Nous en somme maintenant à la troisième génération après la guerre. La première génération, celle des combattant, était celle du silence maintenu. Ce silence s’est mué en secret pour leurs enfants : ce sont les choses dont on devait pas parler sans trop savoir pourquoi on ne devait pas en parler. La génération suivante doit faire face au secret du secret. Pour elle, les revenants cèdent la place au fantômes. Pour elle, ce qui est source de douleur est mystérieux.

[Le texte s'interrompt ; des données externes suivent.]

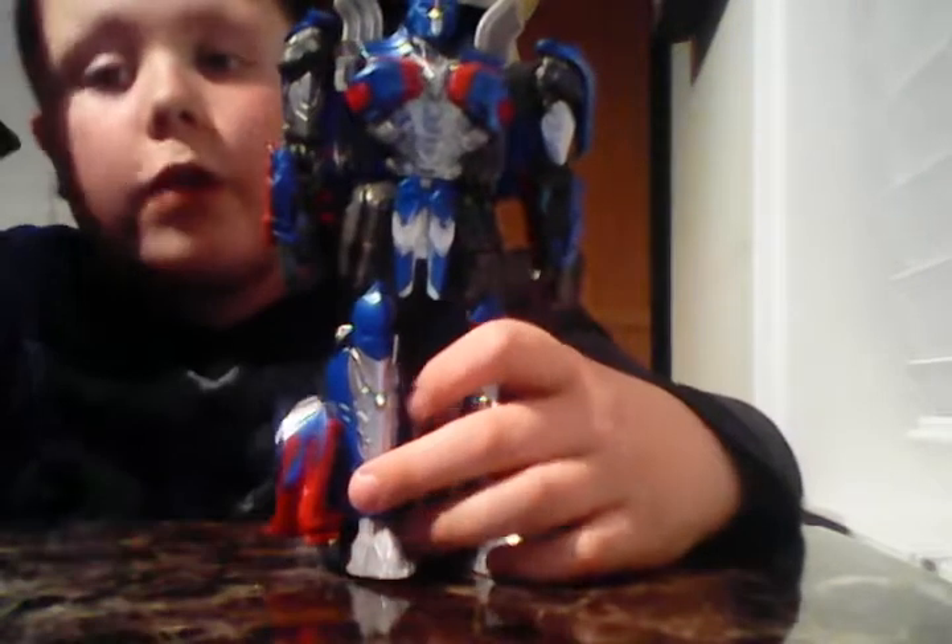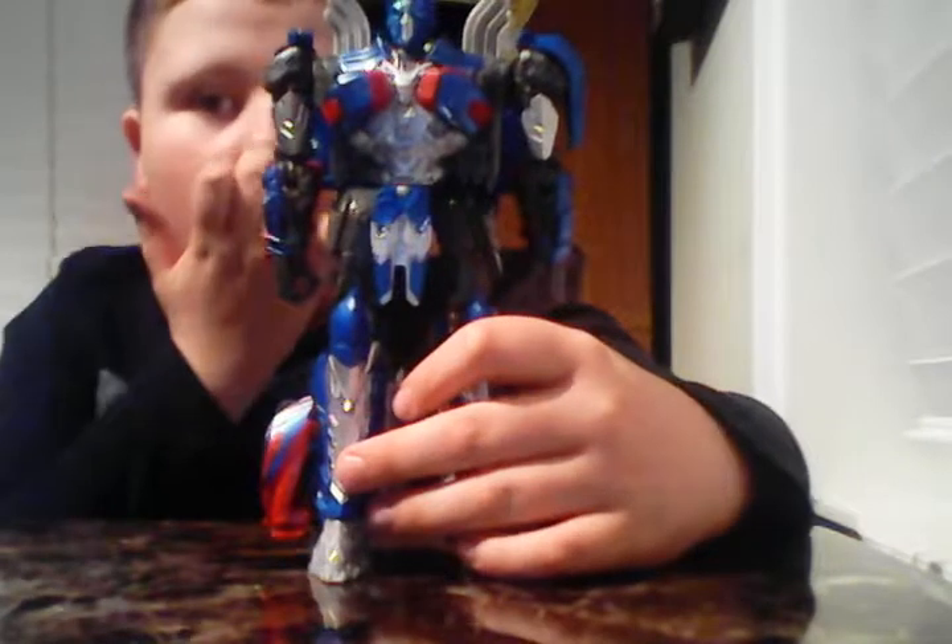Sup guys, I'm back with another video. I'm David of the Radically Cool Reviews and today we're gonna do a shout out for Gabriel Sabu to read. We're gonna review this 2017 Optimus Prime Figure.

Pour cette génération, les jeux de guerre sont une aubaine. Ils offrent l’ occasion de jouer avec “l’inconfortable, l’insupportable, la dure solitude des soldats allant au combat”. Ils offrent l’occasion de parler avec d’autres du conflit. Ils donnent des représentations visuelles des champs de bataille, des hommes, des équipements et des shémas tactiques et stratégiques déployés. En un mot, ils offrent toute une série de symbolisations possibles : sensori motrice et affective, imagée et verbale (S. Tisseron). Ils permettent, par les images des mouvements et les émotions qu’ils suscitent une symbolisation sensori-motrice et affective; il permettent une symbolisation en images et enfin ils permettent une symbolisation verbale grâce aux discussion qui se font dans les communautés de joueurs

Les jeux vidéos de guerre sont au corps social ce que sont les cryptonymes (N.Abraham & M. Torok) à l’individu : ils insistent et maintiennent dans la culture l’ investissement d’un conflit dont l’impact sur les hommes a été maintenu dans le silence. Ils encodent autrement dans les psychés indivudelles ce qui a manqué de mots.